In January the following year, seven months after she was suspended, Summerton was advised by the hospital that she was guilty of misconduct over the matter and would receive a “managerial caution”.
Lieschke explained she was then directed to report back to work to the same manager who had suspended her “although by then she was totally incapacitated for work by reason of the adjustment disorder and the aggravated Crohn’s disease”.
The sanction was finalised in writing in March 2018, nine months after her suspension.
Summerton was also advised by the nursing regulation agency that it had also investigated the matter but found no further action would be taken.
“The applicant emphasised the very significant adverse psychological reaction she had to the Kafkaesque way she was treated by her employer, starting with the phone call to suspend her, and continuing over the following nine months,” Lieschke said in his ruling.
“This was in a context of long and loyal service to the respondent as a senior (neonatal) nurse.
“I uphold the claim that the workplace psychiatric injury significantly contributed to the acceleration of Crohn’s disease and its surgical treatment of October 2018.”
Summerton’s lawyer, Margaret Kaukas, an employment law specialist from Andersons Solicitors, condemned the treatment of her client by the Southern Adelaide Local Health Service.
“I think they handled it badly,” she said.
“For a long-standing, well-respected employee, they overreacted and they were heavy-handed and they failed to adopt any humanity in their approach.”
Kaukas agreed with the tribunal’s description that it was “Kafkaesque”.
“Just that idea of an organisation and a process picking up steam and just rolling over a human being and flattening them,” she said.
“That’s a real issue in my experience in dealing with conduct issues in the public sector.

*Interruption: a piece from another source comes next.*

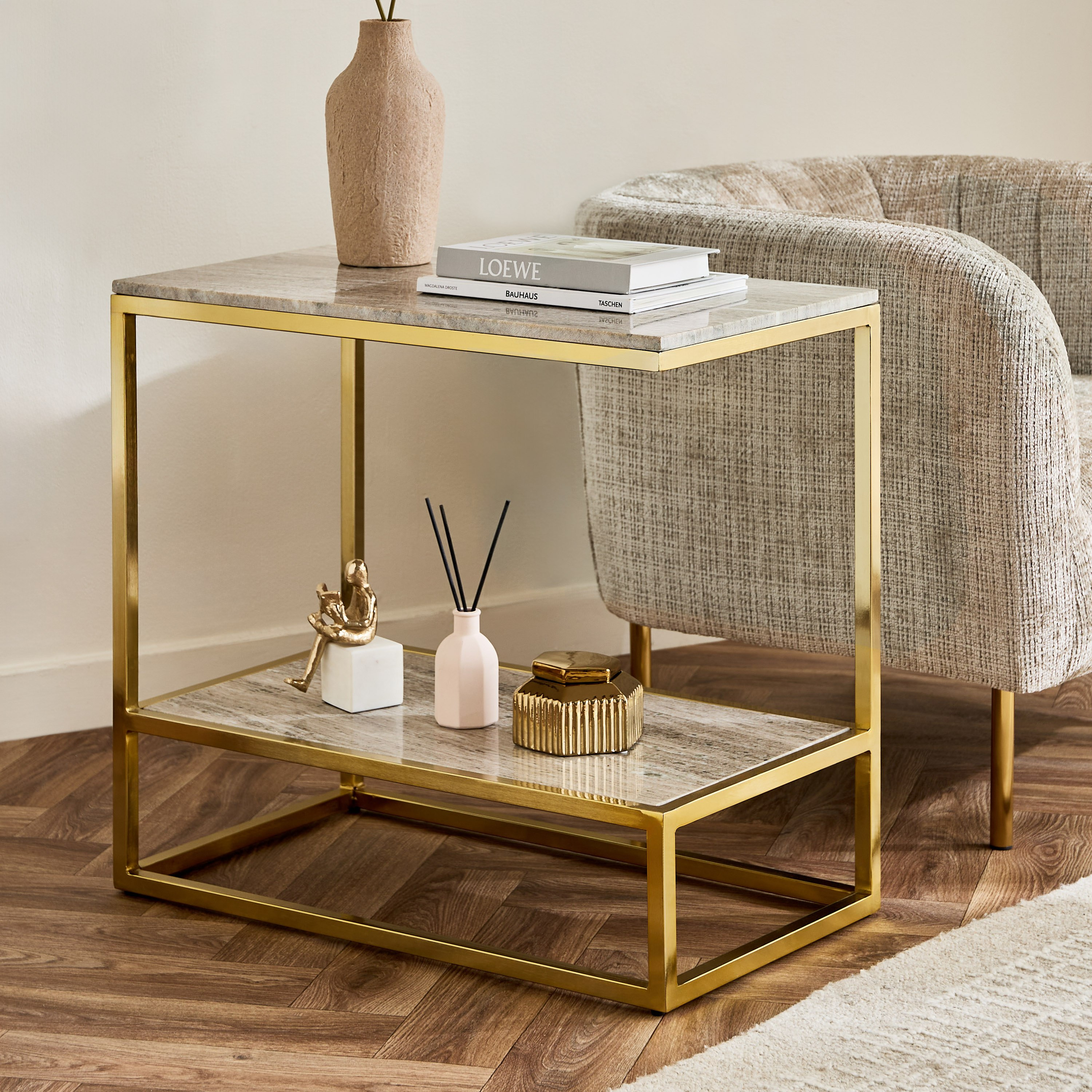 Cavon Versa Genuine Marble Top Long End Table-hbxfurniture-livingroom-endtables-image-1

They just leave you out there hanging.
“I really hope that public sector employers will try to inject a little more humanity in their industrial processes and try to remember that they are dealing with real people and real lives. Process is important but the humans are the most important.

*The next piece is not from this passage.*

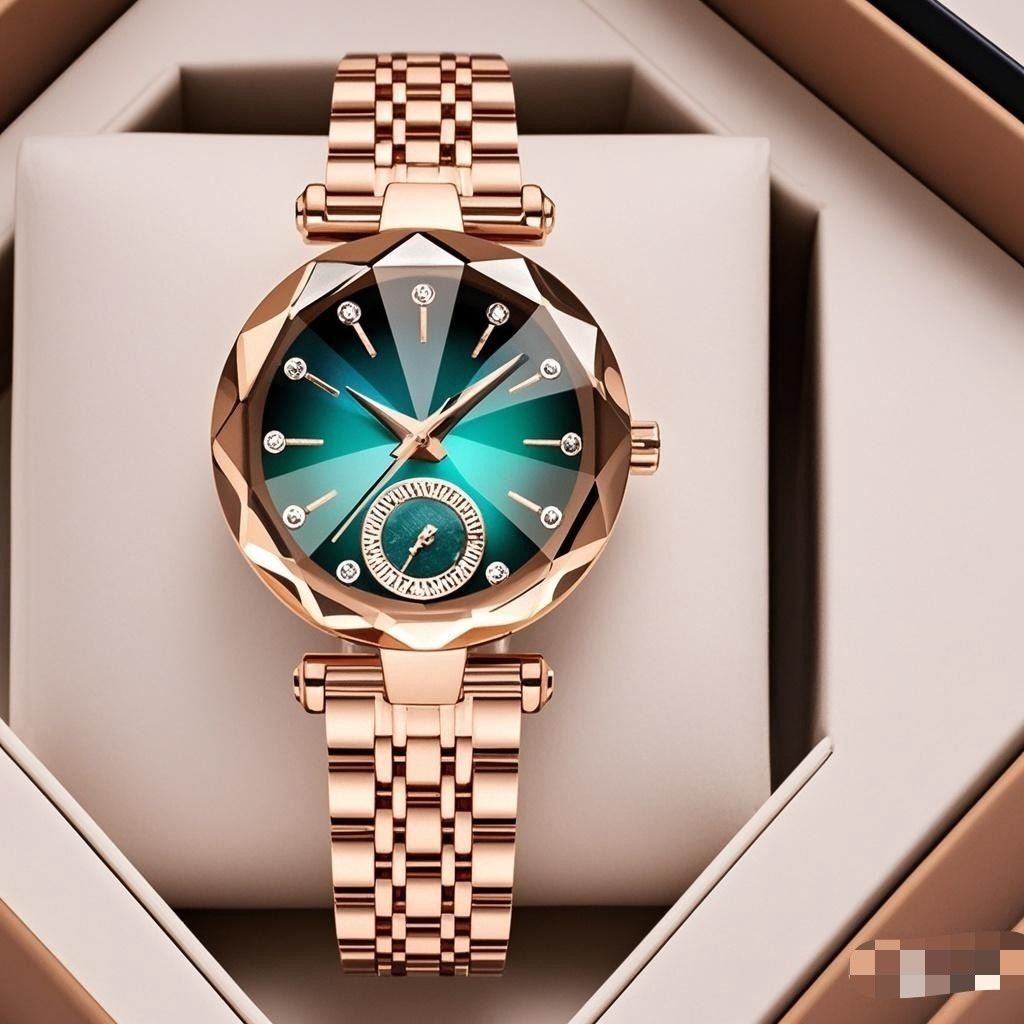 Women's Casual Simple Quartz Watch With Diamond - MH TRENDS & STYLES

“I hope for Wendy that she can just get on with her life.”
Although Summerton was permitted to return to her role at Flinders Medical Centre, her psychological injury has prevented that.
“They didn’t ever sack me – I just couldn’t return to that environment, she said.
“It crushed my confidence and has made me somebody that even overthinks now, ‘what if I make the wrong decision on something?’
“I truly believed I was following correct policy and hospital guidelines.”
Summerton believes her hospital managers should have spoken with her at the time if they had concerns and offered extra training if necessary.
As a result of her surgery, she is now unable to lift anything heavier than 15 kilograms “which really knocks me out of nursing”.
Summerton still works for SA Health – now at BreastScreen SA, where she feels much more supported.
She views the tribunal judgment as “justice” and “vindication in a sense”.
“I would like to think that any possible injured worker in the future had more support,” she said.
“That was a horrible four years.
“I hope now that I can just put this behind me.”
In a statement, a spokesperson for the Southern Adelaide Local Health Network said: “We are unable to provide comment on individual employee matters or ongoing matters before the courts.”